→ TASK DETAILS
After finding "thumbnail image 4" in the material below, output its line and every line after it through the last, exactly, but not the pictures.
** DATA FOR THIS TASK follows **
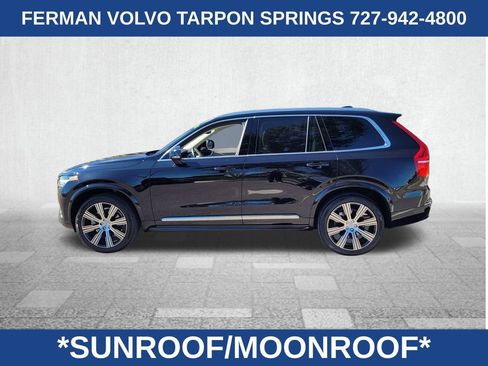 New 2025 Volvo XC90 B6 Plus w/ Protection Package Premier image 7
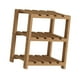 thumbnail image 4 of Raucator Rack del estante de madera de estanterías de estante de madera organización multifuncional de la herramienta eléctrica de para Sala, 4 of 9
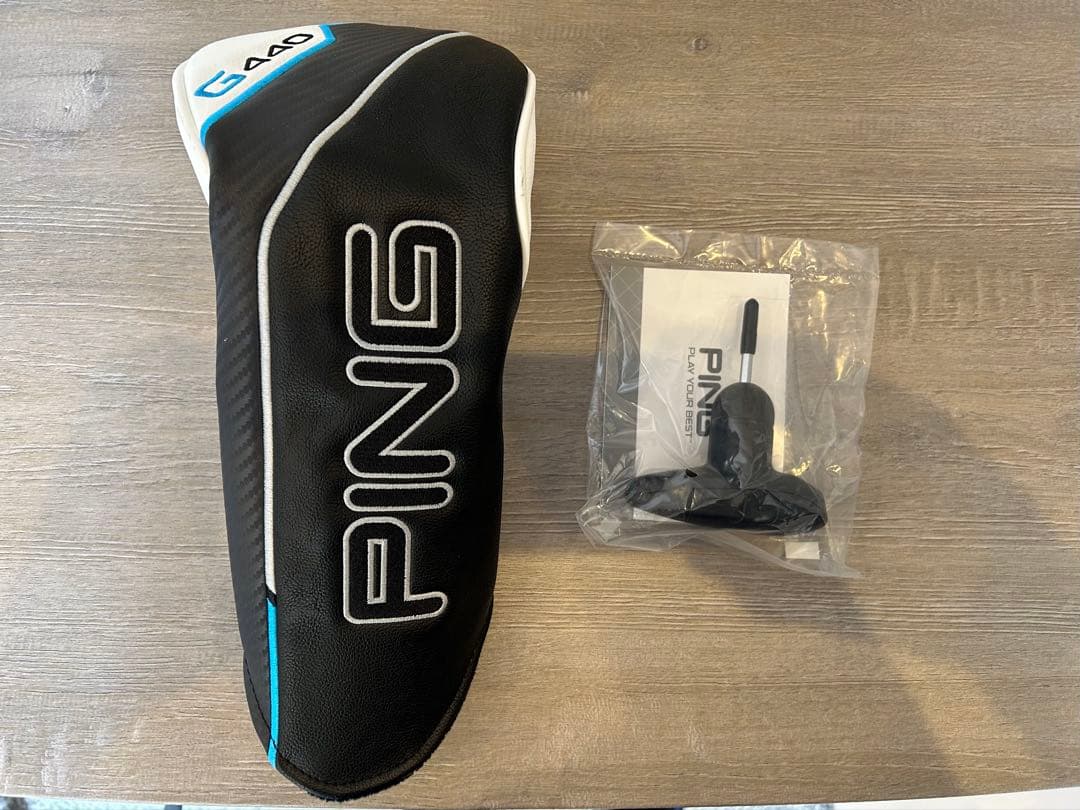 【美品】PING G440 SFTドライバー 10.5度 SR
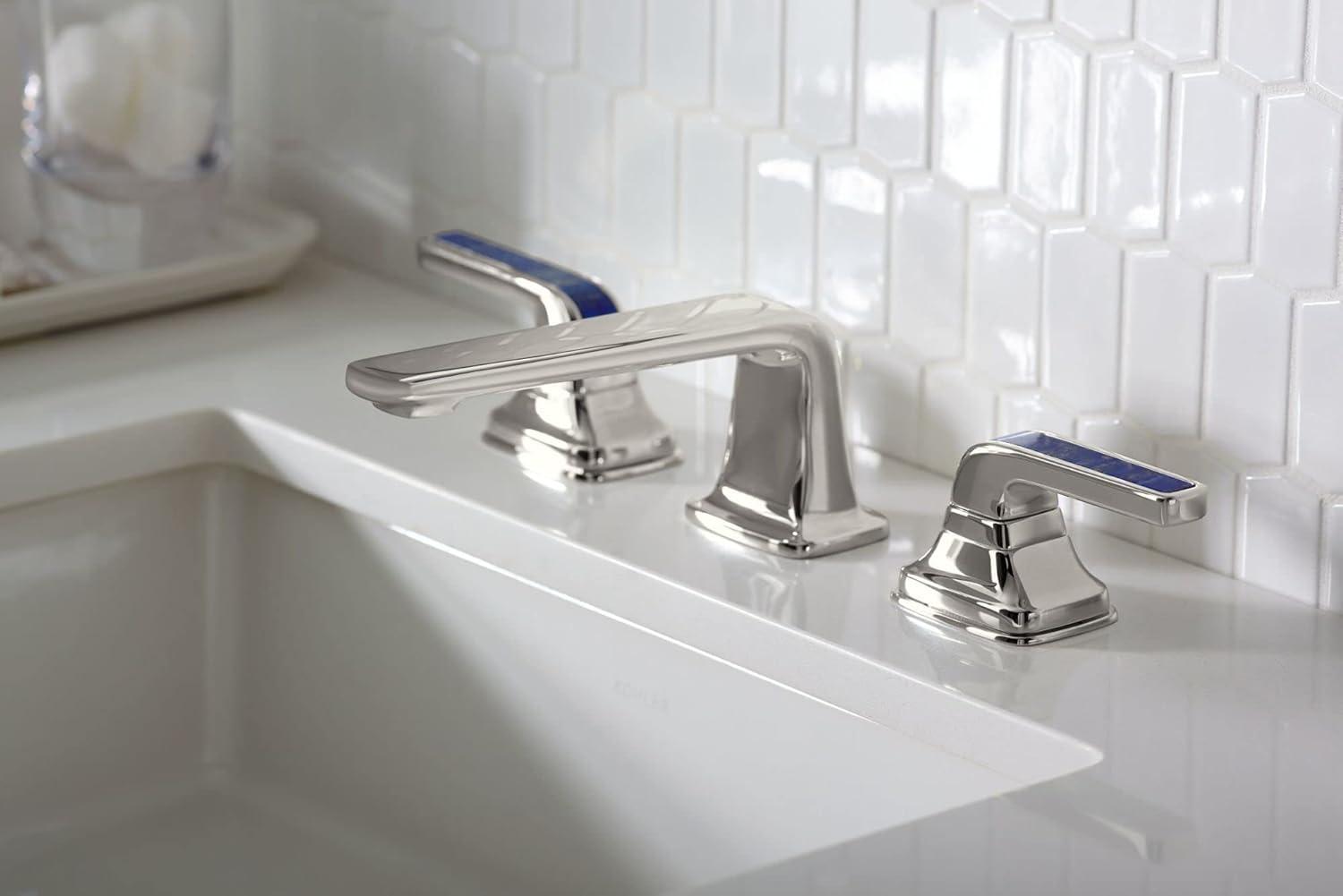 Verticyl Rectangular Undermount Bathroom Sink with Overflow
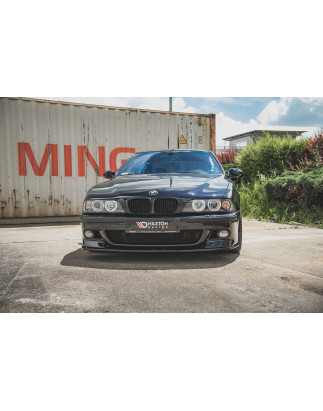 Splitters laterali anteriori + SPLITTER ANTERIORE Set  BMW M5  / 5 M-Pack E39 (Cod. M-BM-5-39-M-FD2G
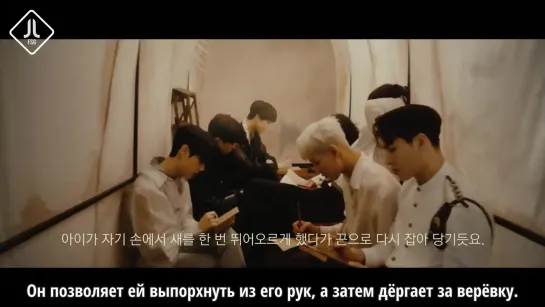 Трейлер GOT7 "DYE" Cinema [русс. саб]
** End of DATA FOR THIS TASK **
→ FINAL ANSWER
 thumbnail image 4 of Raucator Rack del estante de madera de estanterías de estante de madera organización multifuncional de la herramienta eléctrica de para Sala, 4 of 9
 【美品】PING G440 SFTドライバー 10.5度 SR
 Verticyl Rectangular Undermount Bathroom Sink with Overflow
 Splitters laterali anteriori + SPLITTER ANTERIORE Set  BMW M5  / 5 M-Pack E39 (Cod. M-BM-5-39-M-FD2G
 Трейлер GOT7 "DYE" Cinema [русс. саб]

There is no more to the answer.